All pictures are to be excluded when the data below is output verbatim.

(Image-text web data)
--------------------------------

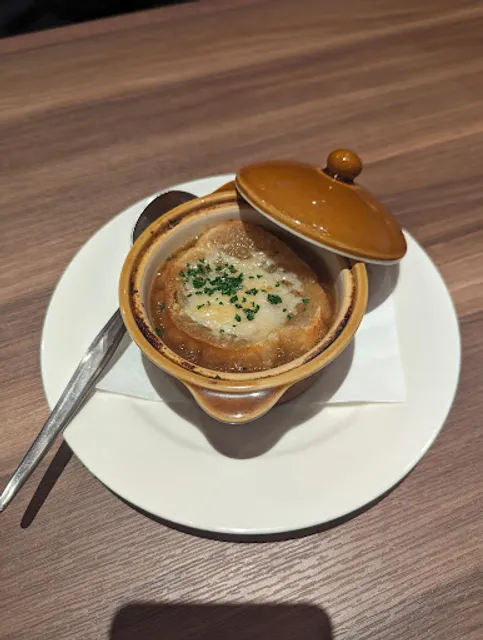 Royal Host LaLa Terrace Harumi Flag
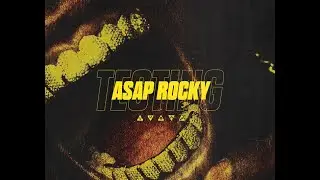 [FREE] Asap Rocky Type Beat - 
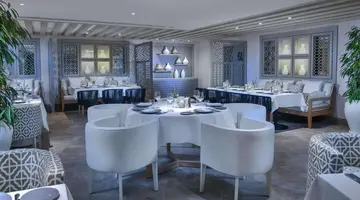Steigenberger Resort Ras Soma*****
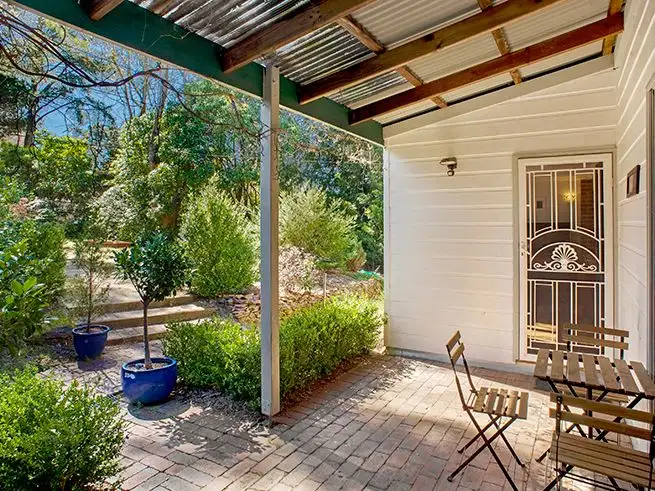 Third view of Homely house listing, 3 Cox Avenue, Wentworth Falls NSW 2782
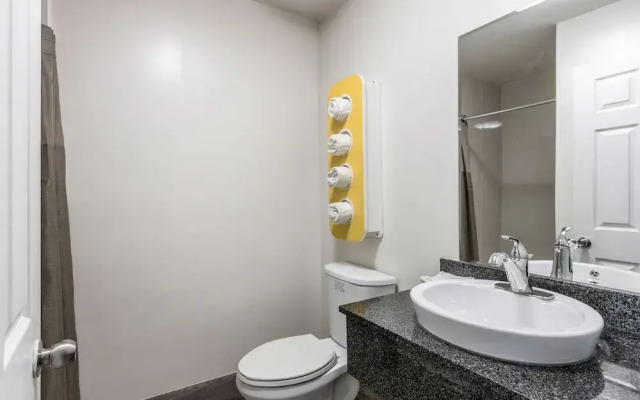 Savannah Suites Savannah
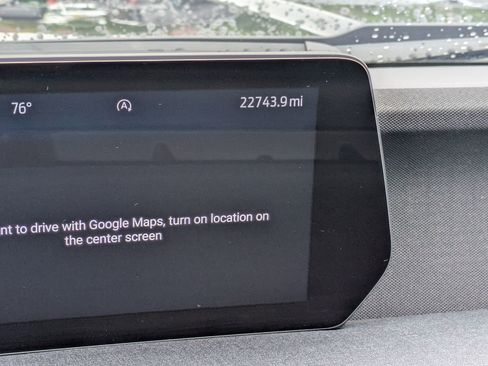 Certified 2025 Ford Expedition Active AWD/4WD image 21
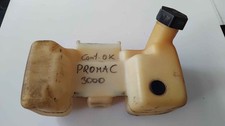 Decespugliatore mcculloch pro usato  Polla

--------------------------------

— SOLUTION FOR THIS EXERCISE —
 Royal Host LaLa Terrace Harumi Flag
 [FREE] Asap Rocky Type Beat - 
Steigenberger Resort Ras Soma*****
 Third view of Homely house listing, 3 Cox Avenue, Wentworth Falls NSW 2782
 Savannah Suites Savannah
 Certified 2025 Ford Expedition Active AWD/4WD image 21
 Decespugliatore mcculloch pro usato  Polla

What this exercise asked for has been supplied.